Table 4. The number of medals won by swimmers in lanes 1-4 and 5-8 in the 50-meter events at the last five FINA World Swimming Championships.
We analyzed the medal winners for the lanes 1-4 and 5-8 from the past five World Championship meets using Pearson’s Chi-Square Test. We found that the result was not statistically significant (χ2 = 8.17, p = 0.086). This means that we cannot rule out that the observed differences in medal count for lanes 1-4 and 5-8 were due to chance alone. But when we reconsidered what Figure 1 seemed to convey to us, that the effect was greatest on the outside lanes, we thought that perhaps the similarity in lane 4 and 5 might be masking an overall effect.

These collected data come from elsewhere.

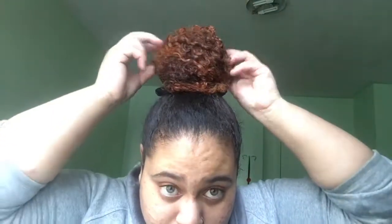Once I'm done wrapping the hair around to form the bun, I played with my hair a bit just to fix the bun how I want it to look. You can fix it however you want — everyone has their own preference for how they want their top knot to look.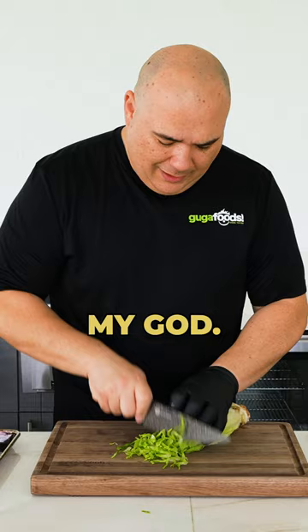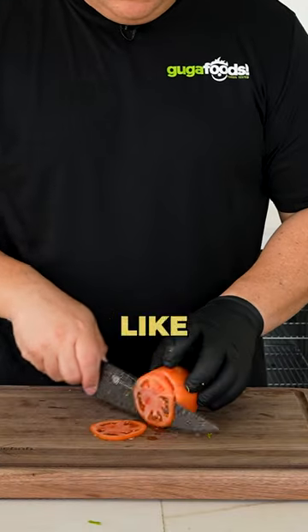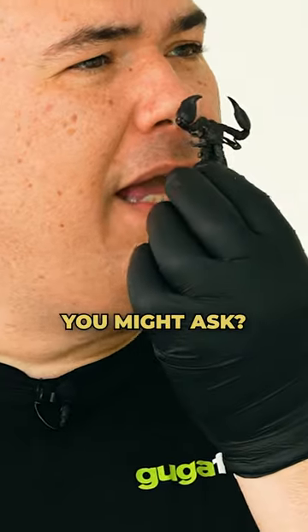Some green stuff. Oh, my God, this knife cuts like butter. What does it smell like, you might ask? I guess it's gonna be real salty and crunchy.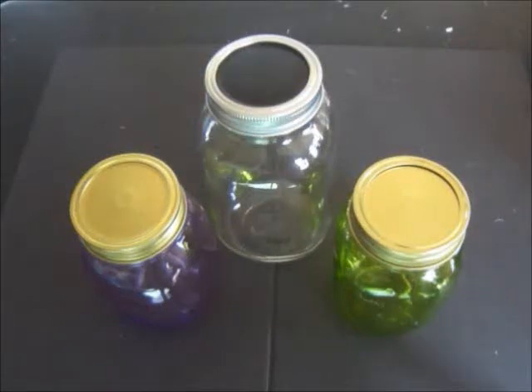Hi everyone, this is Maria, and today I have a super simple Halloween DIY for you. I'm going to show you how to turn this ordinary mason jar into a really cute candy witch jar.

When we eliminated lanes 4 and 5 from the analysis and focused only on the lanes where the effect appeared to be the strongest (i.e., lanes 1-3 and 6-8), we came to a very different conclusion (see Table 5). This analysis tells us that there is a statistically significant association between the lanes and the year of competition for the number of medals won (χ2 = 10.11, p = 0.039) and provided additional evidence that a lane bias affected the results at the 2013 FINA World Swimming Championships.

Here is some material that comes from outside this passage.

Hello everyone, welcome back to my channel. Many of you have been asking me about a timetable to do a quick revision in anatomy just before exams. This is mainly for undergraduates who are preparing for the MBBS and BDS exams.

Table 5. The number of medals won by swimmers in lanes 1-3 and 6-8 in the 50-meter events at the last five FINA World Swimming Championships.
As none of these analyses involved direct testing of the physical properties of the facility, we recognize that we can only hypothesize the cause of these analytic results. As in previous work performed here at the Center, we are limited in what we can conclude: that an external ‘bias’ existed such that swimmers’ performances were consistently affected depending upon which lane the swimmers were seeded. Our conclusion is based upon credible evidence in support of a significant ‘lane’ effect on the performances of the swimmers competing in the 2013 World Championship event. There may be other analytic approaches, and additional evidence from alternative swim events not analyzed here. Nevertheless, given that the outcomes of this competition include World record performances and there may be important monetary consequences to the athletes, coaches and teams, further consideration of this problem is warranted.